Your goal:
The reply must consist of the lines from the first line of the records through the line containing "Doen Forget Me Not Cardigan", copied exactly, with every picture omitted.
----- Extracted entries
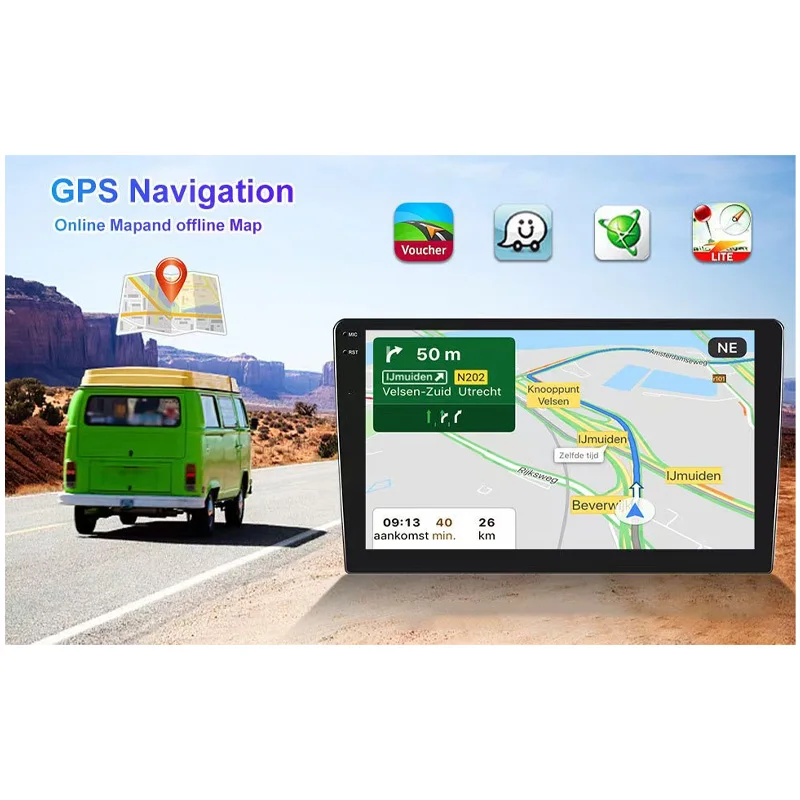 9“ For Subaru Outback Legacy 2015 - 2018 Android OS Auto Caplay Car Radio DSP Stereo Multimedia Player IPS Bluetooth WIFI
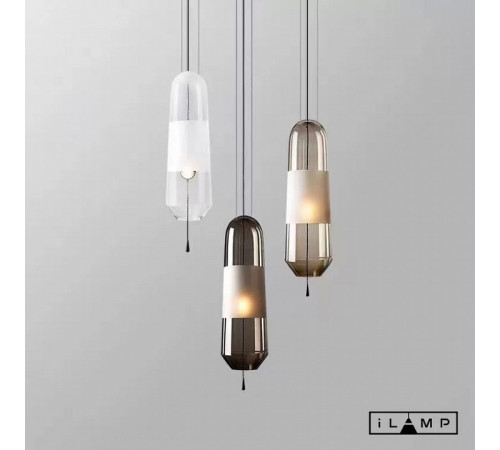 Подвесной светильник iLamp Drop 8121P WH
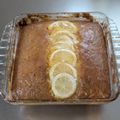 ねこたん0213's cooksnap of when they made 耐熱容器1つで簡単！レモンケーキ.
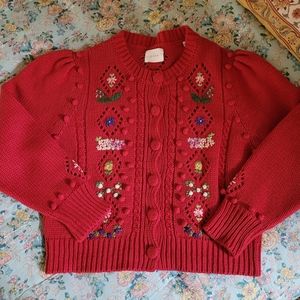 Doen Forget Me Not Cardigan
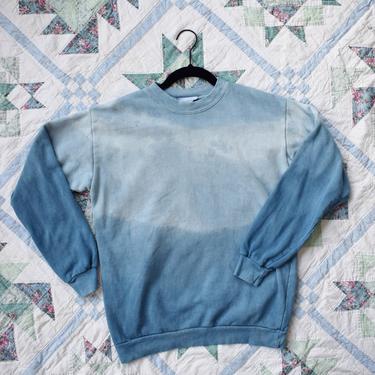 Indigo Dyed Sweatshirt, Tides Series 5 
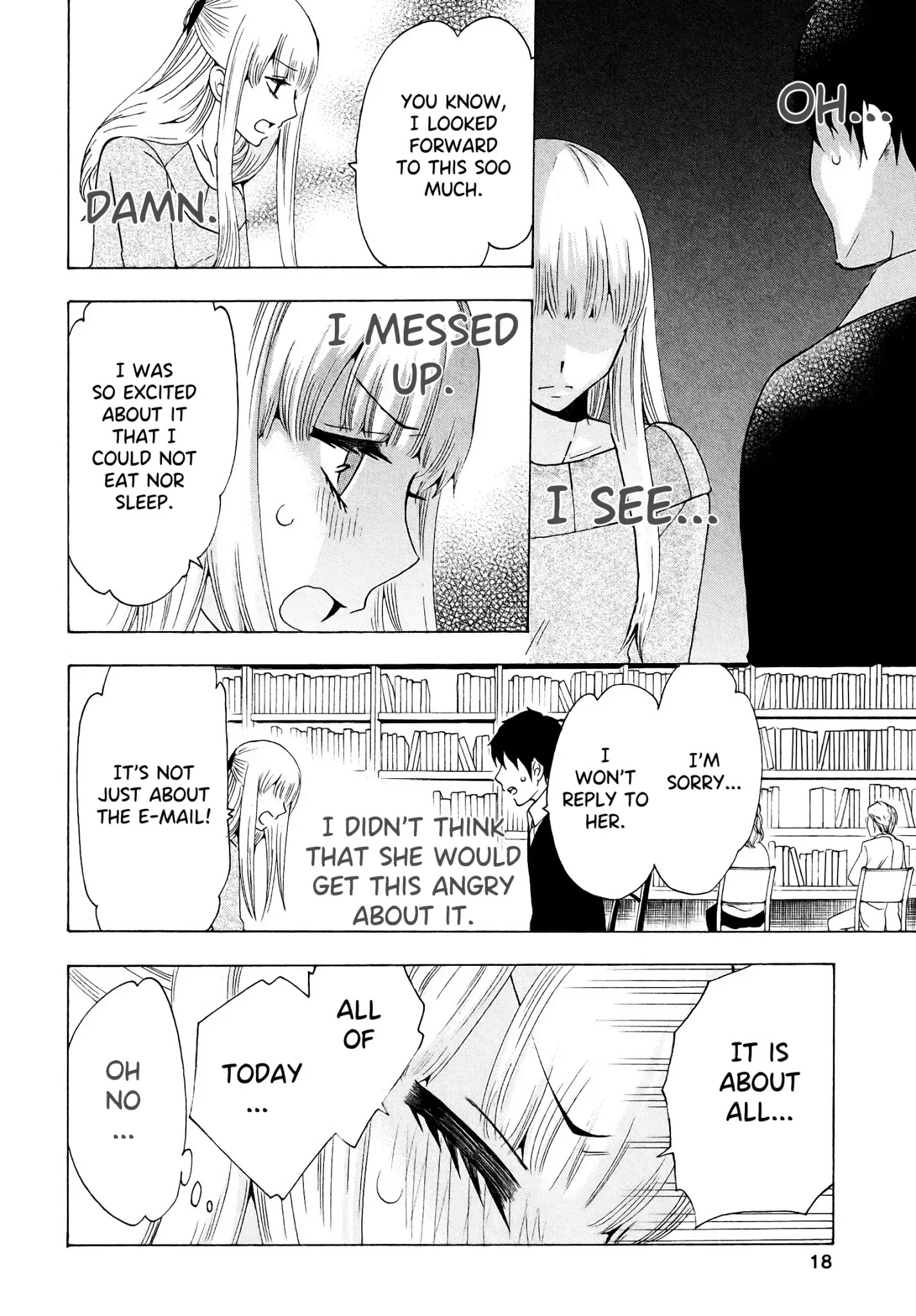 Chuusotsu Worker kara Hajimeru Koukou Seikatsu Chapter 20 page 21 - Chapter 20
----------
Written answer:
 9“ For Subaru Outback Legacy 2015 - 2018 Android OS Auto Caplay Car Radio DSP Stereo Multimedia Player IPS Bluetooth WIFI
 Подвесной светильник iLamp Drop 8121P WH
 ねこたん0213's cooksnap of when they made 耐熱容器1つで簡単！レモンケーキ.
 Doen Forget Me Not Cardigan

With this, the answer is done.